5. Pada saat yang sama, alasan praktis menjadi bukti bahwa vaksinasi, pada umumnya, bukanlah kewajiban moral dan, oleh karena itu, harus bersifat sukarela. Bagaimanapun, dari sudut pandang etika, moralitas vaksinasi tidak hanya bergantung pada kewajiban untuk melindungi kesehatan seseorang, tetapi juga pada kewajiban untuk mengusahakan kebaikan bersama. Dengan tidak adanya cara lain untuk menghentikan atau bahkan mencegah pandemi, kepentingan bersama dapat merekomendasikan vaksinasi, terutama untuk melindungi yang paling lemah dan paling terpapar. Namun, mereka yang, karena alasan hati nurani, menolak vaksin yang diproduksi dengan jalur sel dari janin yang diaborsi, harus melakukan yang terbaik untuk menghindari menjadi wahana penerusan agen yang terpapar, dengan cara profilaksis lain dan perilaku yang sesuai. Secara khusus, mereka harus menghindari risiko terhadap kesehatan orang-orang yang tidak dapat divaksinasi karena alasan medis atau alasan lain, dan orang-orang yang paling rentan.

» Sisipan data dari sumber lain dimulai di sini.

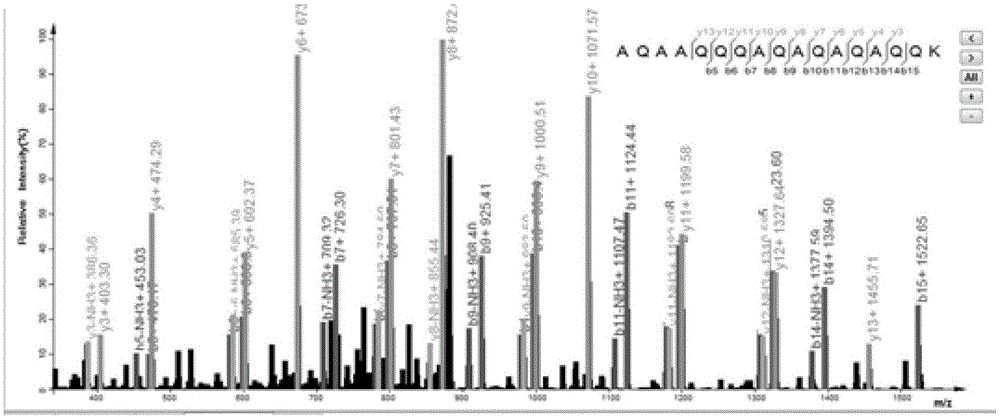 Tandem mass spectrometric identification method for protein based on matching between characteristic information of target database and decoy database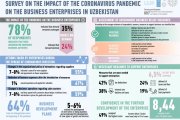 The impact of the coronavirus pandemic on the business enterprises in Uzbekistan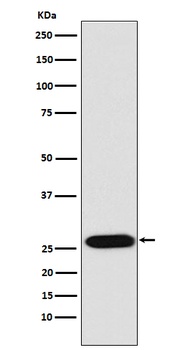 Anti-LIN28 LIN28A Monoclonal Antibody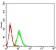 CD46 Primary AntibodyMP31495 [M1A5A5]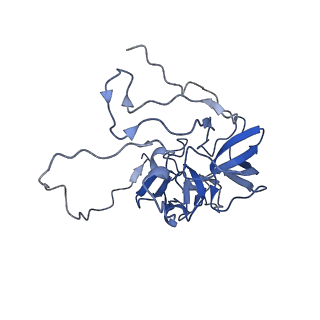 11278_6zm5_D_v1-1
Human mitochondrial ribosome in complex with OXA1L, mRNA, A/A tRNA, P/P tRNA and nascent polypeptide
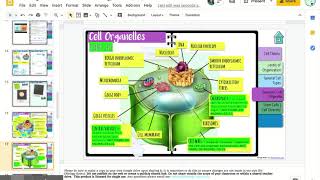 Famous Cells Digital Interactive Notebook- Biology Roots - Google Slides Net Worth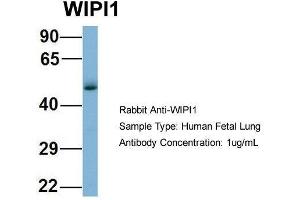 Host: Rabbit  Target Name: WIPI1  Sample Tissue: Human Fetal Lung  Antibody Dilution: 1. (WIPI1 Antikörper  (Middle Region))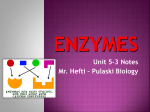 Enzymes - CNYRIC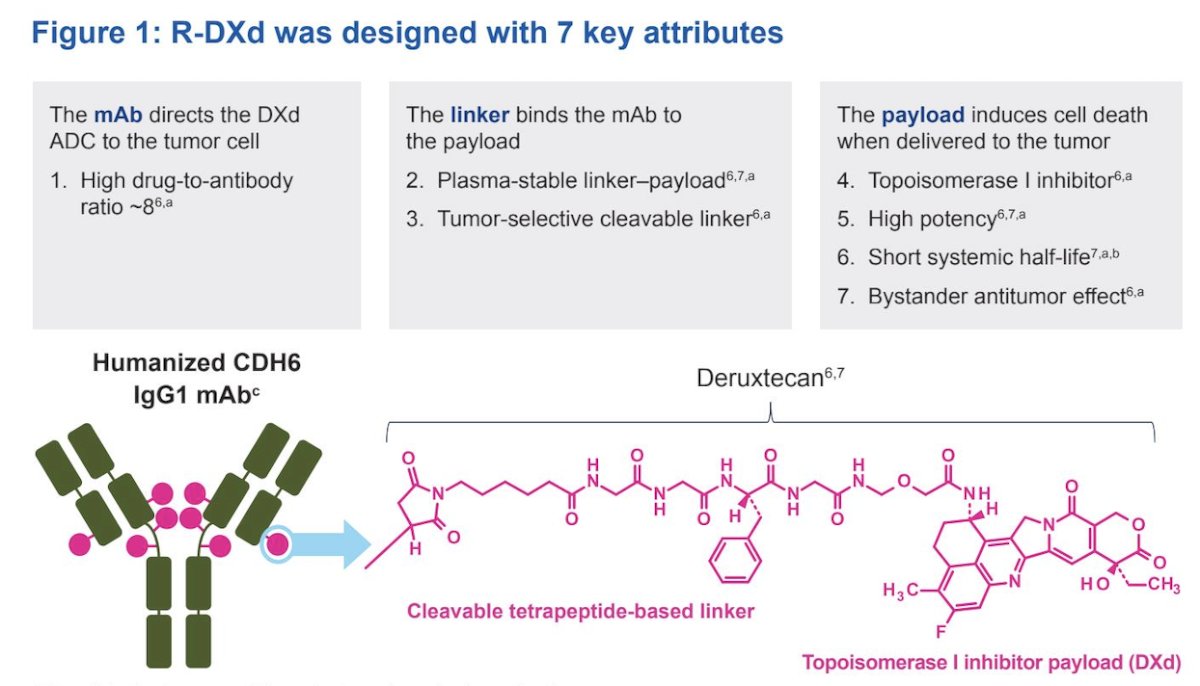 Cadherin-6 (CDH6), a transmembrane protein involved in cell–cell adhesion and epithelial–mesenchymal transition, is overexpressed in many cancer types.&nbsp;Raludotatug deruxtecan is an anti-CDH6 antibody–drug conjugate composed of a humanized CDH6 antibody covalently linked to a potent topoisomerase I inhibitor payload (DXd) via a plasma-stable linker:&nbsp;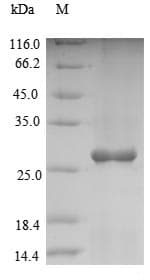 Arabidopsis thaliana BAS1 Protein (Recombinant 10His, N-terminus + Myc, C-terminus)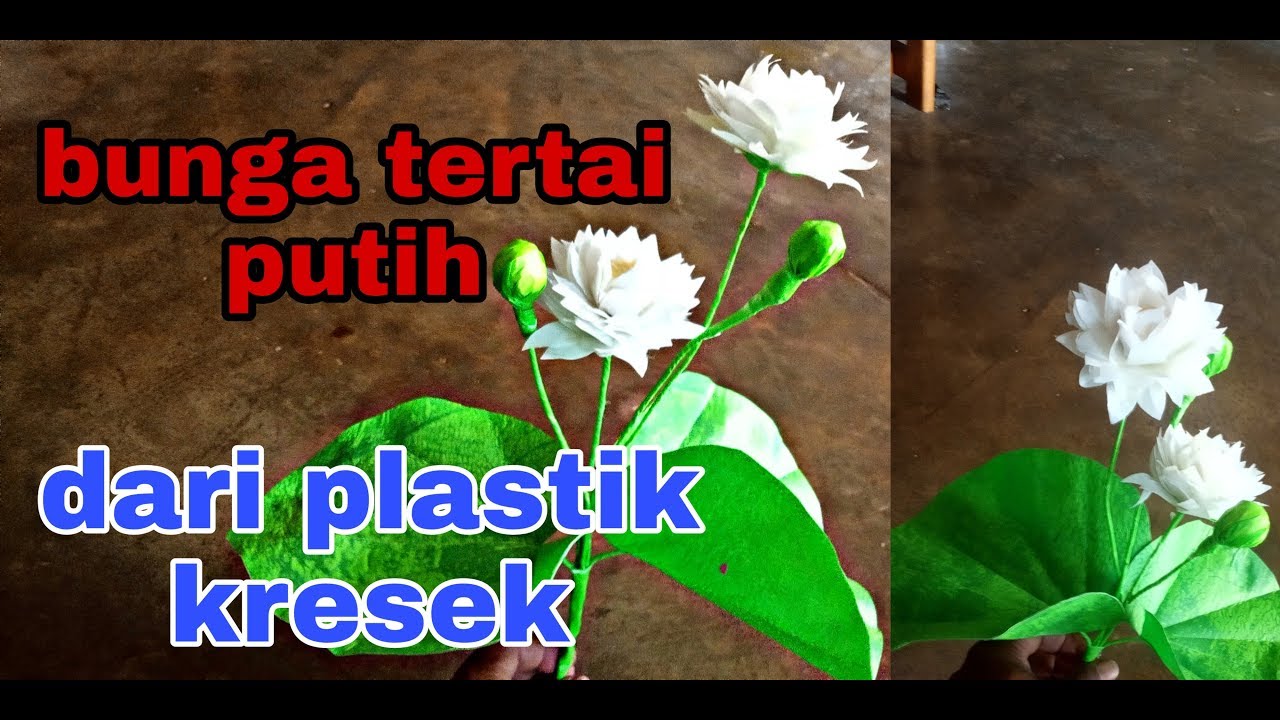 viral bunga  teratai putih dari  plastik  kresek YouTube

6. Terakhir, ada juga keharusan moral bagi industri farmasi, pemerintah dan organisasi internasional untuk memastikan bahwa vaksin, yang ampuh dan aman dari sudut pandang medis, serta dapat diterima secara etis, juga dapat diakses oleh negara-negara yang paling miskin dan tidak mahal bagi mereka. Kurangnya akses terhadap vaksin, sebaliknya, akan menjadi tanda lain diskriminasi dan ketidakadilan yang mengutuk negara-negara miskin untuk terus hidup dalam kemiskinan kesehatan, ekonomi dan sosial.[5]
Paus Fransiskus yang berdaulat, dalam kesempatan Audiensi dengan ketua Kongregasi Ajaran Iman yang bertanda tangan di bawah ini, pada tanggal 17 Desember 2020, memeriksa Catatan ini dan memerintahkan penerbitannya.

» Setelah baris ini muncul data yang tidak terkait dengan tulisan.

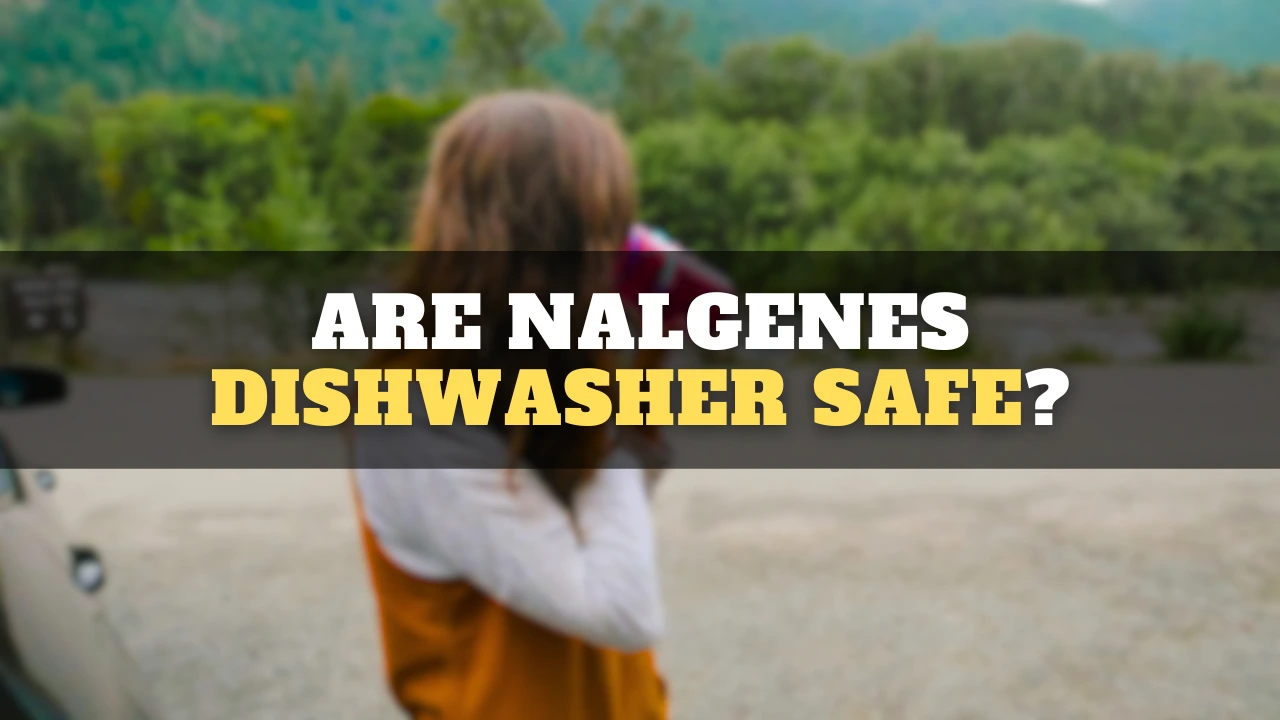 are nalgenes dishwasher safe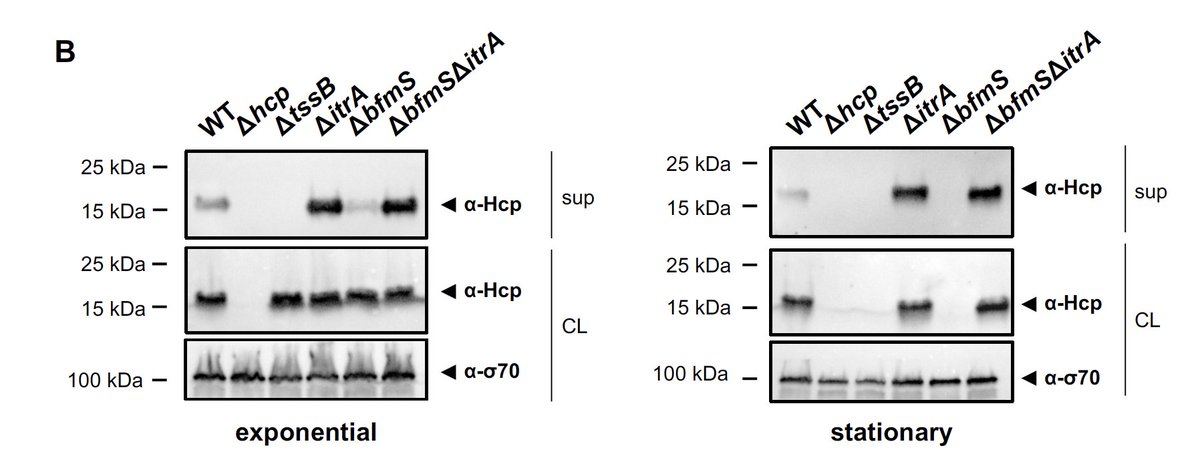 Finally, Nico observed 🔍 that secretion-impaired strains (e.g., due to T6SS sheath deficiency or CPS overproduction) lack the T6SS inner tube protein Hcp during growth in stationary phase 🤔  ..... 12/x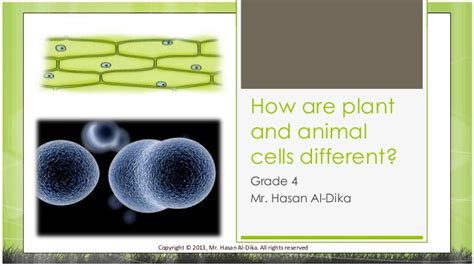 Distinguish between plant and animal cells. Differences Between Plant and Animal Cells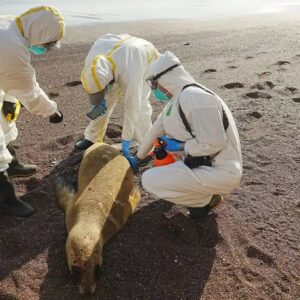 Primero las aves, ahora el virus H5N1 mata a lobos marinos en Perú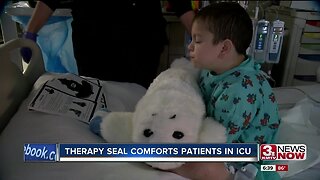 Therapy Seal Comforts Patients in ICU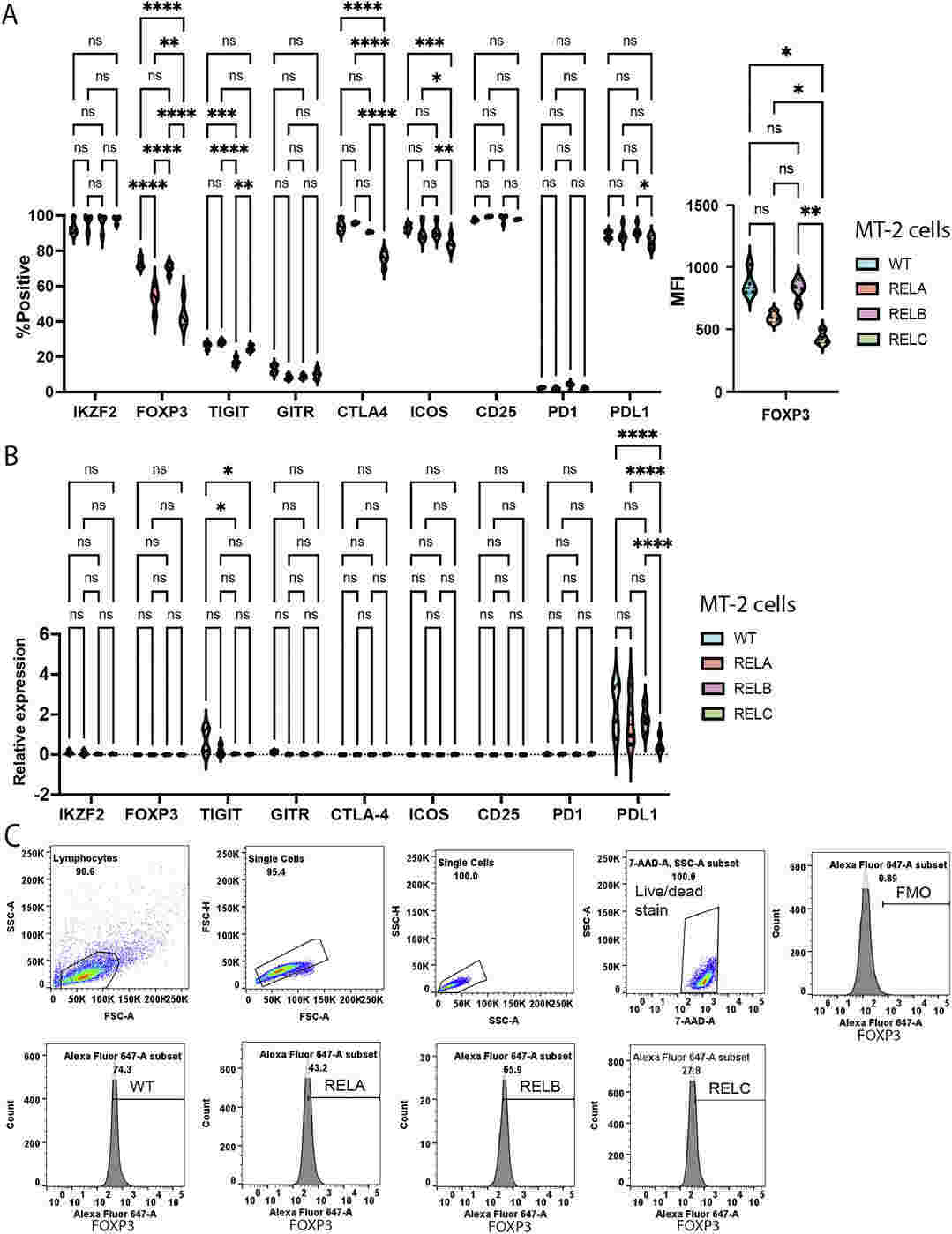 (A) The expression of oncogenic related genes in ESCC cell lines. (B) Expression of invasion related genes in ESCC cell lines. (C) NRF2 expression in ESCC cell lines. (D) Expression of differentiation related genes in ESCC cell lines. (E) Expression of immune related genes in ESCC cell lines.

Roma, 21 Desember 2020, pada Pesta Santo Petrus Kanisius.
Luis F. Kardinal Ladaria, S.I.
Ketua
+Mgr. Giacomo Morandi
Uskup Agung Tituler Cerveteri
Sekretaris
(dialihbahasakan oleh Peter Suriadi – Bogor, 24 Desember 2020)
Catatan Kaki :
[1] Kongregasi Ajaran Iman, Petunjuk Dignitas Personae (8 Desember 2008), no. 35; AAS (100), 884.
[2] Idem, 885.
[3] Bdk. Akademi Kepausan untuk Kehidupan, “Cerminan Moral tentang Vaksin yang Dibuat dari Sel-sel yang Berasal dari Janin Manusia yang Diaborsi”, 5 Juni 2005.

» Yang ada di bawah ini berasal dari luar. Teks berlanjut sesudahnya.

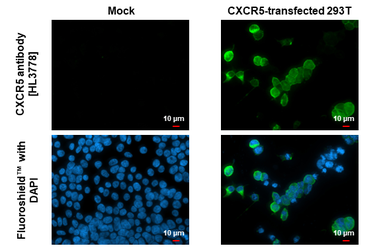 Anti-CXCR5 antibody [HL3778] used in Immunocytochemistry/ Immunofluorescence (ICC/IF). GTX641977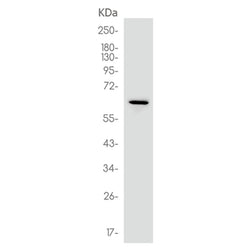 PRKAA1 rabbit monoclonal antibody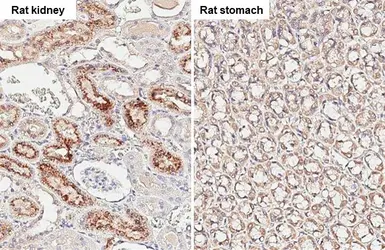 Anti-Angiogenin antibody [HL2215] used in IHC (Paraffin sections) (IHC-P). GTX638219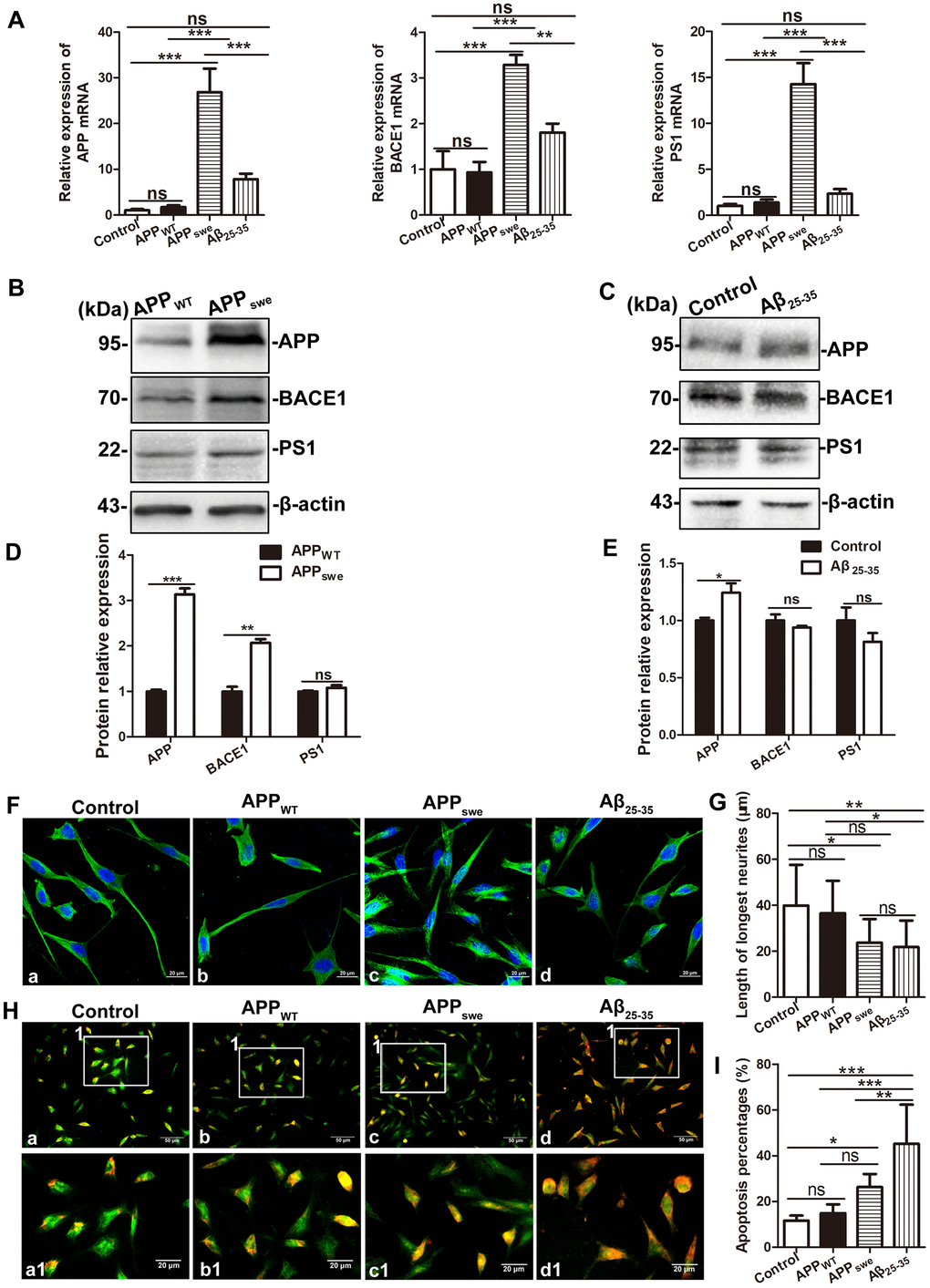 Comparison of SH-SY5Y cells (Control), SH-SY5Y cells transfected with empty vector (APPWT), APPswe-overexpressing SH-SY5Y cells (APPswe) and SH-SY5Y cells treated with 30 μM Aβ25-35 (SH-SY5Y +Aβ 25-35). (A) Real-time PCR assay showing the expression of APP, BACE1 and PS1 mRNA in the four group cells. (B and C) Western blot showing the expression of APP, BACE1 and PS1 in APPWT and APPswe cells, SH-SY5Y cells and SH-SY5Y +Aβ 25-35 cells. (D and E) Relative protein gray density analysis. (F) Tubulin staining showing the morphology of the four group cells. Scale bar = 20 μm. (G) Statistical analysis of the longest processes. (H) Acridine orange staining showing membrane stability of the four group cells. a –c: Scale bar = 50 μm, a1 – c1: Scale bar = 20 μm. (I) Statistical analysis of the apoptosis rate. (* P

[4] Kongregasi Ajaran Iman, Petunjuk Dignitas Personae, no. 35: “Ketika tindakan terlarang didukung oleh undang-undang yang mengatur perawatan kesehatan dan penelitian ilmiah, tindakan tersebut perlu menjauhkan diri dari aspek-aspek kejahatan dari sistem itu agar tidak memberikan kesan toleransi tertentu atau penerimaan diam-diam dari tindakan yang sangat tidak adil. Kesan penerimaan apapun pada kenyataannya akan berkontribusi pada bertumbuhnya ketidakpedulian terhadap, jika bukan persetujuan, tindakan semacam itu dalam lingkungan medis dan politik tertentu”.
[5] Bdk. Fransiskus, Wejangan kepada anggota Yayasan “Banco Farmaceutico”, 19 September 2020.